- **WHAT TO WORK ON**
Please write the listing below out again exactly, leaving every picture behind.

- **EXERCISE DATA**
---
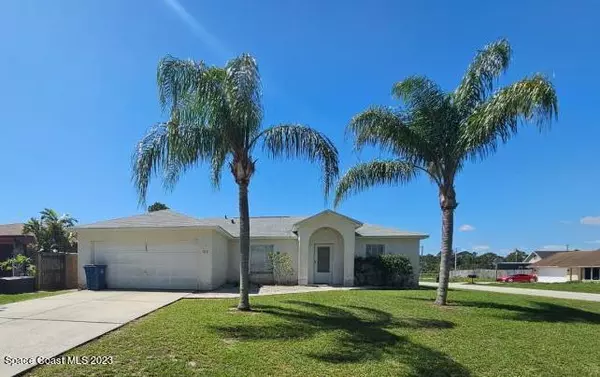 520 Duval ST NE, Palm Bay, FL 32907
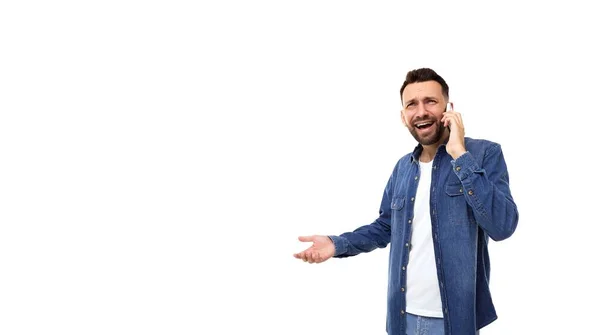 Boze man praat aan de telefoon gebaren met zijn handen — Stockfoto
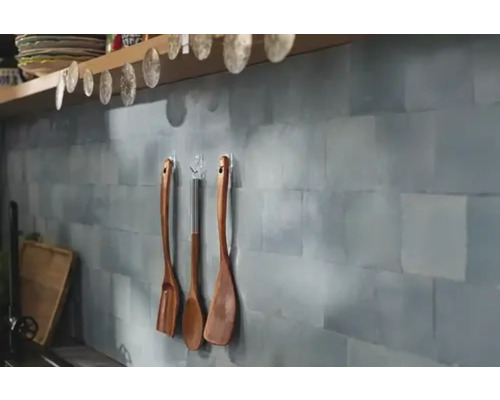 Scène de cuisine avec des cuillères de cuisine en bois sur le mur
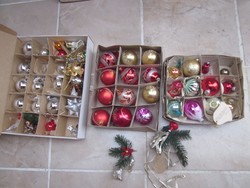 Három doboz régi - üveg - karácsonyfa dísz.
---
- **PROBLEM SOLUTION**
 520 Duval ST NE, Palm Bay, FL 32907
 Boze man praat aan de telefoon gebaren met zijn handen — Stockfoto
 Scène de cuisine avec des cuillères de cuisine en bois sur le mur
 Három doboz régi - üveg - karácsonyfa dísz.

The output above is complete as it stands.